Re: [Moses-support] Factored instead of Phrase-based Model?

2016-01-06 Thread Shaimaa Marzouk
Dear Ondrej & Moses-Team,

@Ondrej: thanks a lot for your quick feedback.

The phrase "ich habe" does not appear in the phrase table. The word alignment 
file includes only the first 4 sentences of the training data. 

I have separated the sentence (ich habe das auto verkauf) in a separate "in" 
file, but got the same result. I also tried another sentence (ich verkaufe das 
auto), also here "ich verkaufe" can not be translated.

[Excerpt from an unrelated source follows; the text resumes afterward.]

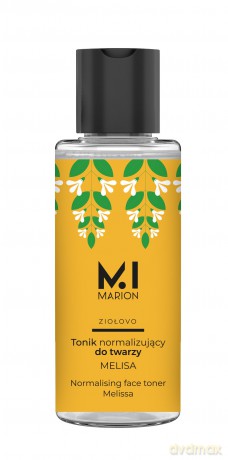Marion Ziołovo Normalizujący Tonik do twarzy - Melisa 150 ml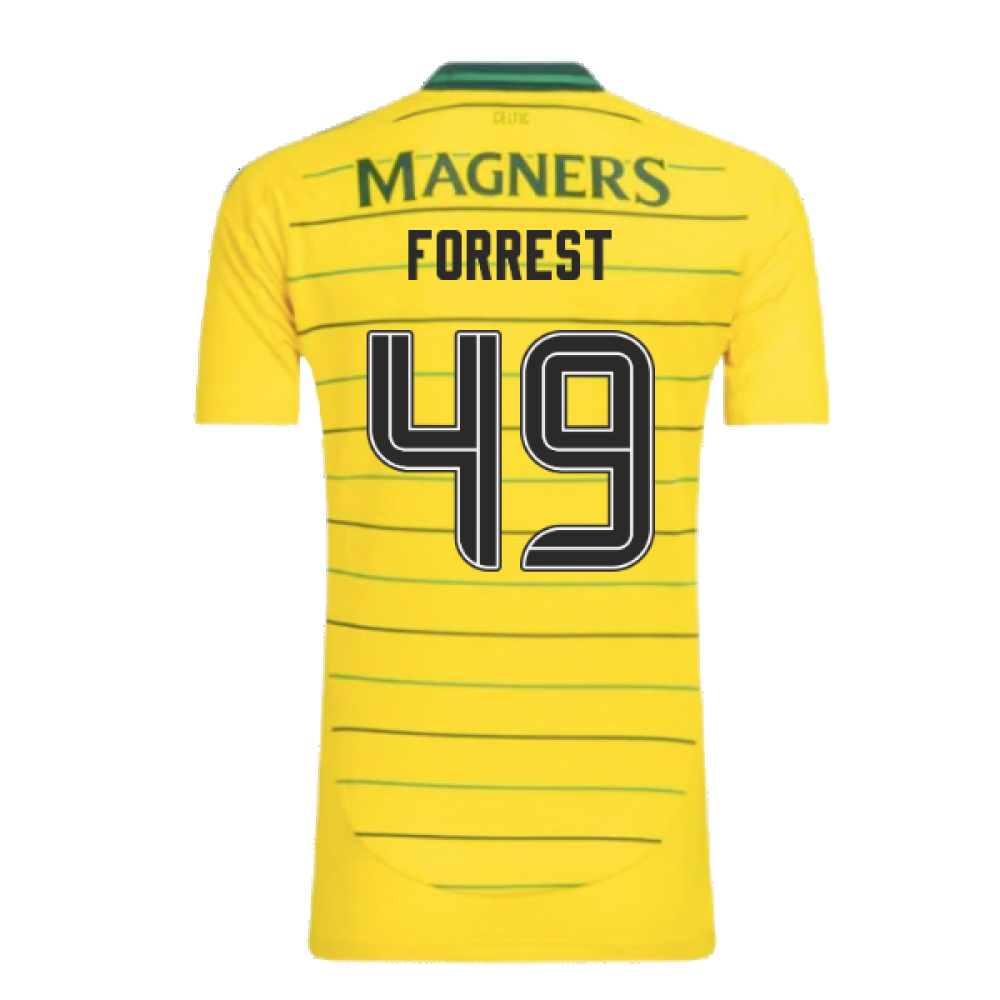 2024-2025 Celtic Away Shirt (Womens) (Forrest 49)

I repeated the exact 
sentence (ich verkaufe das auto) many times in the training data and still get 
the same result.
I attach the word alignment, phrase table, training data and verbose result.. 
and would be very grateful to receive any tip.

I would also highly appreciate, if you could let me know, where can I find 
information about 
 1.   how to prepare the training data with additional factors, before training 
the Factored Model?
 2.   how to train the Language Model that considers the POS?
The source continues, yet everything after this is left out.